>>

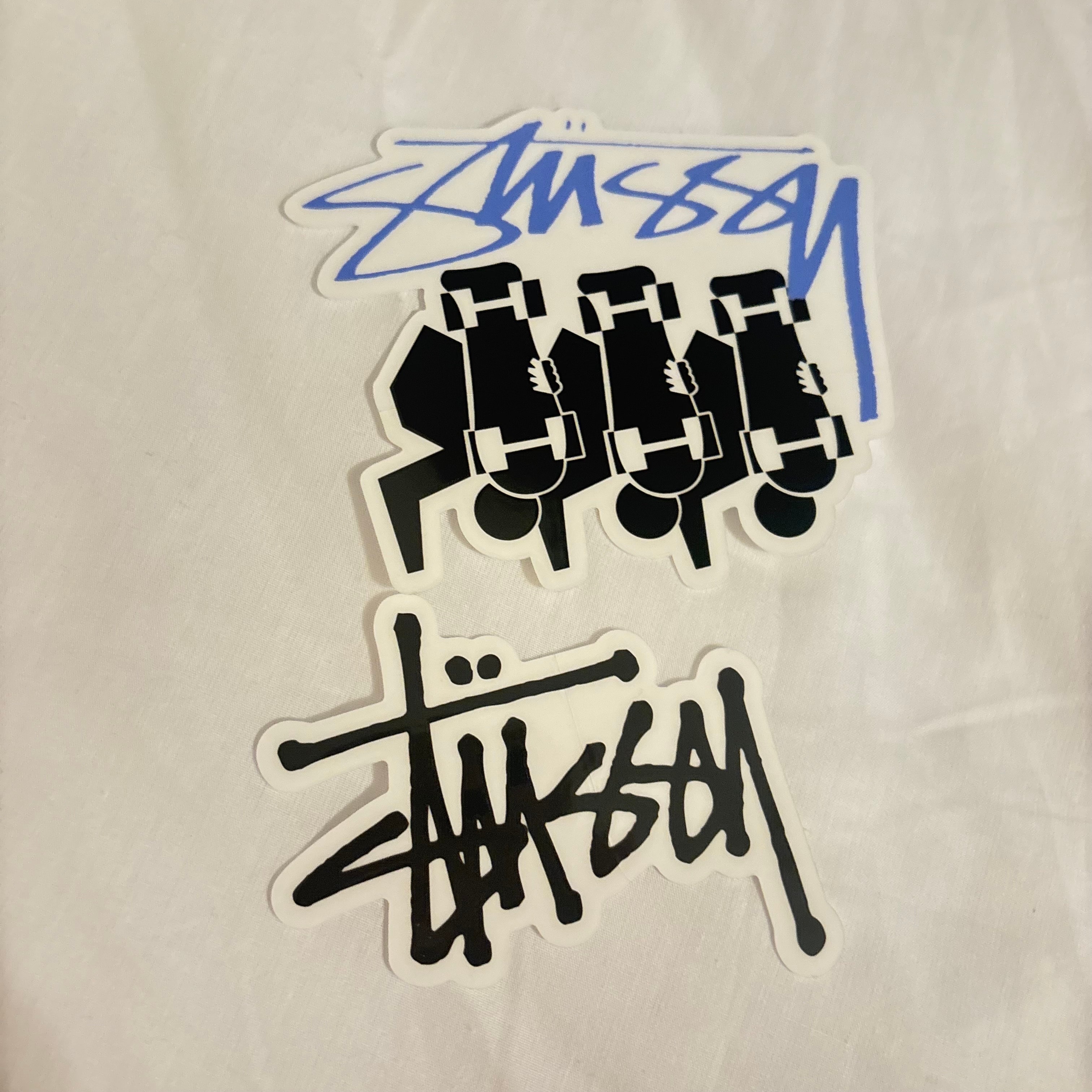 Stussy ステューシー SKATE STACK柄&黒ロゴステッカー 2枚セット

<<
>>

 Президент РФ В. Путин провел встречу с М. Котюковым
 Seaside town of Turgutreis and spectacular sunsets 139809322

<<
>>

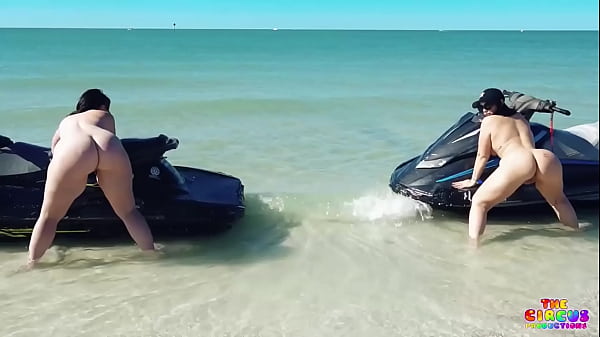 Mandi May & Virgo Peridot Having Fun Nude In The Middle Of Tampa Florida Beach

<<

● **Instructions to follow**: Scan the listing above for the line that has "Президент РФ В.", then copy exactly from that line through the line that has "Seaside town of".

● **Task solution**:
 Президент РФ В. Путин провел встречу с М. Котюковым
 Seaside town of Turgutreis and spectacular sunsets 139809322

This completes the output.